Then I drove the two nucs about 15 miles away to my sisters property, a neighbor has a massive farm about a 1,000 feet away, so hopefully some great foraging there. 

Can any one point out the pros / cons of this split. I tried reading as much as I could before splitting but realize I probably did a few things wrong.

Thanks for your feedback.


----------



## Michael Bush (Aug 2, 2002)

>Yesterday after noon I split the hive. I put three full top bars into a two different nuc boxes (removed 6 bars total). Was splitting it this much bad?

It depends on what you want for an outcome. When I split a hive intent on swarming, I put every frame that has at least one queen cell in a nuc with one frame of honey. I like free queens...

>Then I drove the two nucs about 15 miles away to my sisters property, a neighbor has a massive farm about a 1,000 feet away, so hopefully some great foraging there.

I have never moved a split out of the yard I made it in. But I suppose if you have a place you can and don't mind the drive...

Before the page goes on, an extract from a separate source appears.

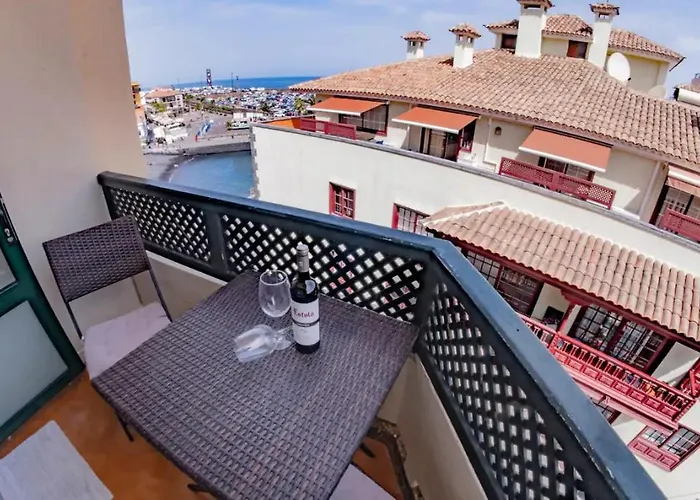 Centrico Apartamento Con Vista Al Muelle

>Can any one point out the pros / cons of this split. I tried reading as much as I could before splitting but realize I probably did a few things wrong.

Sounds great.

http://bushfarms.com/beessplits.htm


----------



## Jared.Downs (Jun 28, 2013)

@ Michael Bush - 

Thanks for the reply. It's good to know I'm not _completely_ messing things up. But I realize things can change over the next few weeks.

I would have loved to kept the nucs with the main hives, but was told by a local experienced beek that if I had the ability to move them away that would help keep the bees in the nucs from going back to the main hive (if on same property as the main hive).

My intentions with the splits, I'd love to gain a few more hives. Packages or nucs aren't cheap and if I can increase my chances of not losing bees and growing the number of hives I have that'd be great.

Thanks for the link, I'll make sure to give it a good read tonight. You've got some great stuff on your website!


----------



## Jared.Downs (Jun 28, 2013)

Back with a few more questions.

The local apiary has queens in stock (both my two hives are currently queenless) and the apiary has queens that are a Carniolan-Russian mix. My bees are both Italians.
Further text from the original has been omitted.